(Collection entries)
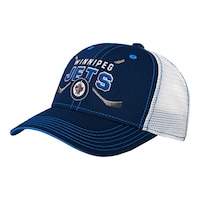 Child Winnipeg Jets Outerstuff Lockup Meshback Adjustable Cap Front_Three_Fourths_Angled_Left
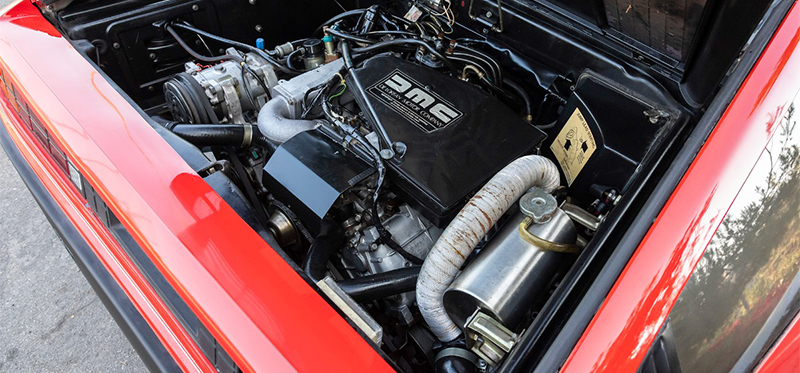 1981 DeLorean DMC-12 engine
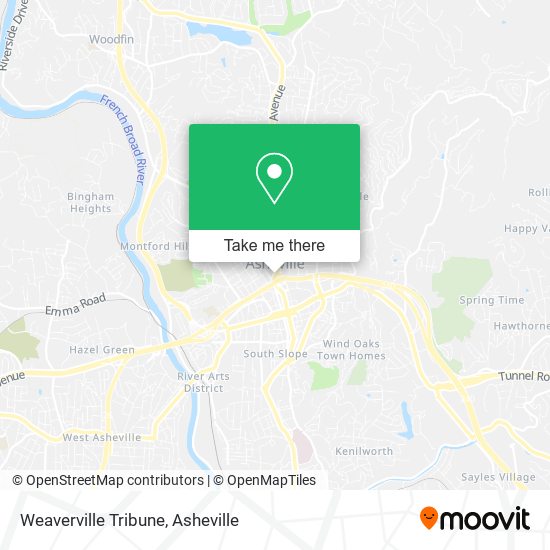 Mapa de Weaverville Tribune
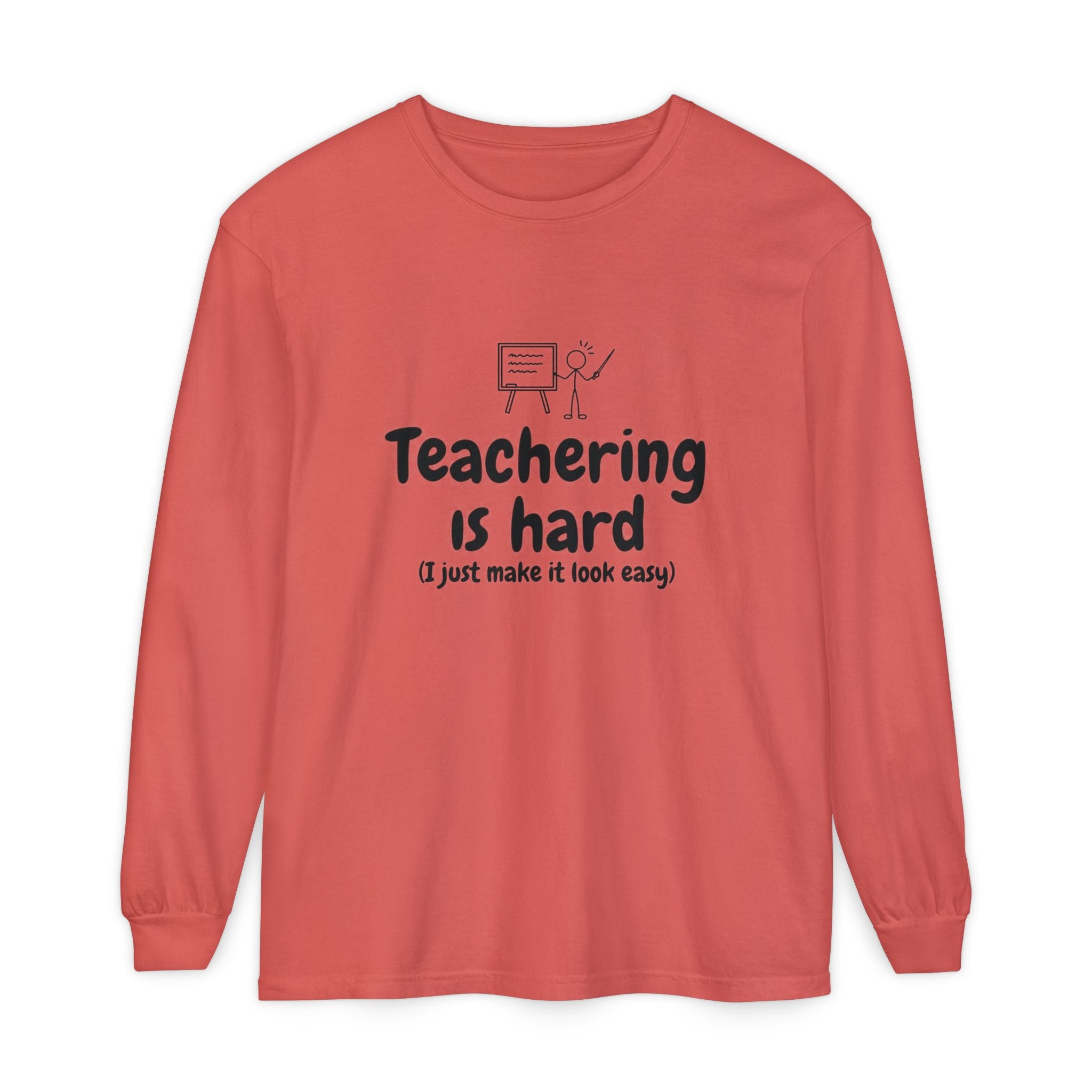 Unisex Garment-dyed Long Sleeve T-Shirt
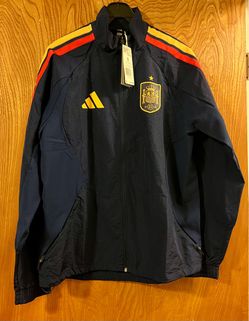 Spain National Team Adidas 2026 Home Full-Zip Game Day Anthem Jacket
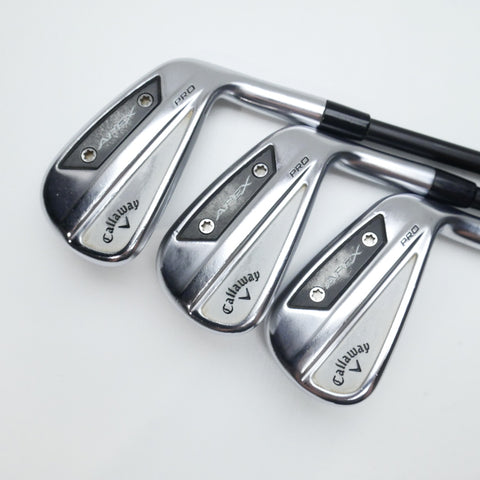 Used Callaway Apex Pro 24 Iron Set / 7 - PW + AW / Stiff Flex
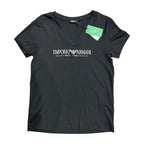 Camiseta Emporio Armani Mujer Negra Cuello Pico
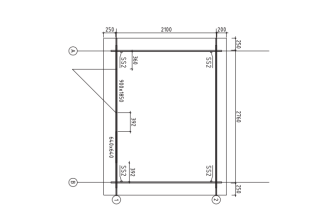De Hoeve tuinhuis Schipluiden 2B | 2,1 x 2,7 m
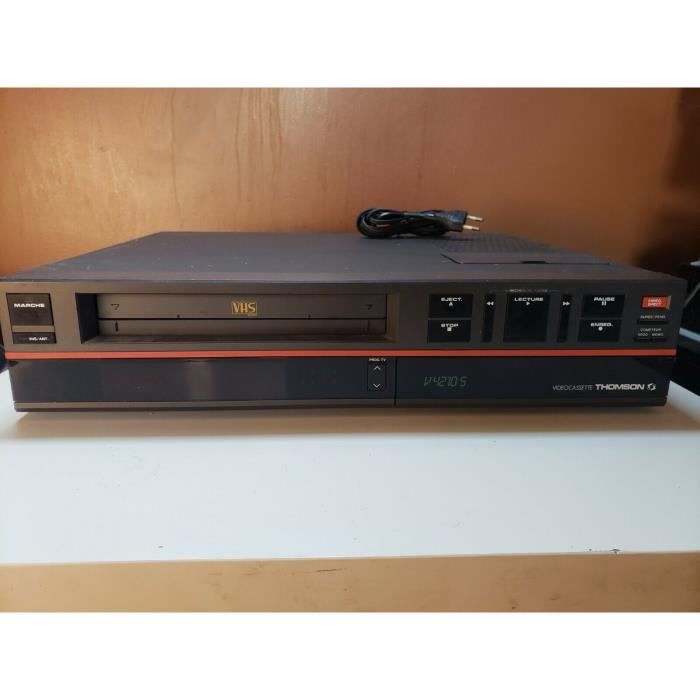 MAGNETOSCOPE THOMSON V4210S LECTEUR ENREGISTREUR K7 CASSETTE VIDEO VHS VCR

→ WORK ORDER: Leave out the pictures and retype the rest of the entries exactly.

→ EXERCISE RESPONSE:
 Child Winnipeg Jets Outerstuff Lockup Meshback Adjustable Cap Front_Three_Fourths_Angled_Left
 1981 DeLorean DMC-12 engine
 Mapa de Weaverville Tribune
 Unisex Garment-dyed Long Sleeve T-Shirt
 Spain National Team Adidas 2026 Home Full-Zip Game Day Anthem Jacket
 Used Callaway Apex Pro 24 Iron Set / 7 - PW + AW / Stiff Flex
 Camiseta Emporio Armani Mujer Negra Cuello Pico
De Hoeve tuinhuis Schipluiden 2B | 2,1 x 2,7 m
 MAGNETOSCOPE THOMSON V4210S LECTEUR ENREGISTREUR K7 CASSETTE VIDEO VHS VCR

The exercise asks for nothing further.